Mr. Freeman : The criteria for the payment of freight facilities grants were broadened last year and we are continuing to keep their effectiveness under review. The grants scheme will require amendment in due course to reflect the privatisation and liberalisation of rail freight.
Combined transport operations are eligible for grant.
Mr. Kenneth Carlisle : Traffic calming measures can have the effect of displacing traffic onto nearby roads. We have advised highway authorities that traffic calming schemes need to be developed within an overall strategy for the roads in their areas.
The Department, through the Transport Research Laboratory, has studied some 60 traffic calming schemes introduced by local authorities. A preliminary assessment indicates that there has not been an increase in accidents on the surrounding road network.
My Department is currently working on traffic calming regulations, under provisions of the Traffic Calming Act 1992. We aim to undertake a public consultation soon and lay regulations before the House in the new year.
Mr. Llwyd : To ask the Secretary of State for Transport what publicity campaigns have been launched by his Department during 1991 and to date in 1992 highlighting (a) the importance of proper car maintenance, (b) reduction of speed for (i) cars and (ii) lorries, (c) acceleration and braking and (d) encouragement of public transport usage ; and what is the amount allocated to each individual campaign.
Mr. Kenneth Carlisle : During 1991 and 1992 the Department launched two major television advertising campaigns (with the slogan "Kill your speed, not a child") aimed at the reduction of driving speed in residential areas. The amounts allocated to this campaign were £1.2 million in 1991 and £2.3 million in 1992.
A number of campaigns launched in 1991 and 1992 have addressed issues raised by the hon. Member, for example :
Travel Safely by Public Transport.
Transport and the Environment. Included information on benefits of public transport.
Safer, Cleaner, Wiser Driving. Leaflet issued with all vehicle licence renewals for 12 months. Included advice on maintenance. September 1991
Advice on new Road Traffic Act provisions. Leaflet issued with vehicle licence renewals for 12 months. Included advice about unroadworthy vehicles.
Blunt Instrument public service information film for television. Encourages reduction of driving speed in residential areas. July 1992
Easy Ways to Save Fuel. Leaflet issued with vehicle licence renewals for 12 months. Includes advice on braking and accelerating and on use of public transport.
Many of these initiatives form part of wider campaigns covering a number of related issues, and it is not possible to provide costs in the form requested by the hon.

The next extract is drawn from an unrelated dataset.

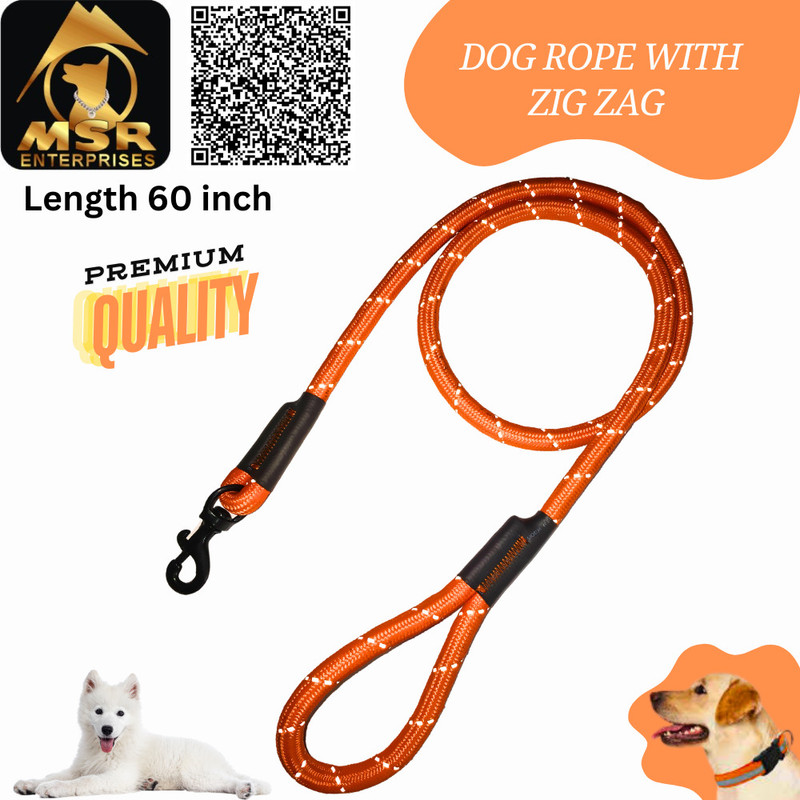 MSR 152.4 cm Dog Cord Leash(Orange)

Member.
Mr. David Porter : To ask the Secretary of State for Transport what is his latest estimate of the cost of dualling the A12 in Suffolk, including a new crossing at Lake Lothing ; and if he wil make a statement.
Mr. Kenneth Carlisle [holding answer 30 November 1992] : The cost of dualling the A12 in Suffolk is currently estimated to be £197 million. This figure includes £82 million for the Lowestoft relief road and second harbour crossing.
Mr. Kenneth Carlisle [holding answer 30 November 1992] : A draft order was laid before the House on 23 November, seeking to remove the requirement for local authorities to obtain the Department's consent before establishing a speed limit on a principal road. This is subject to affirmative resolution of both Houses but I hope to be in a position to make the order by January 1993.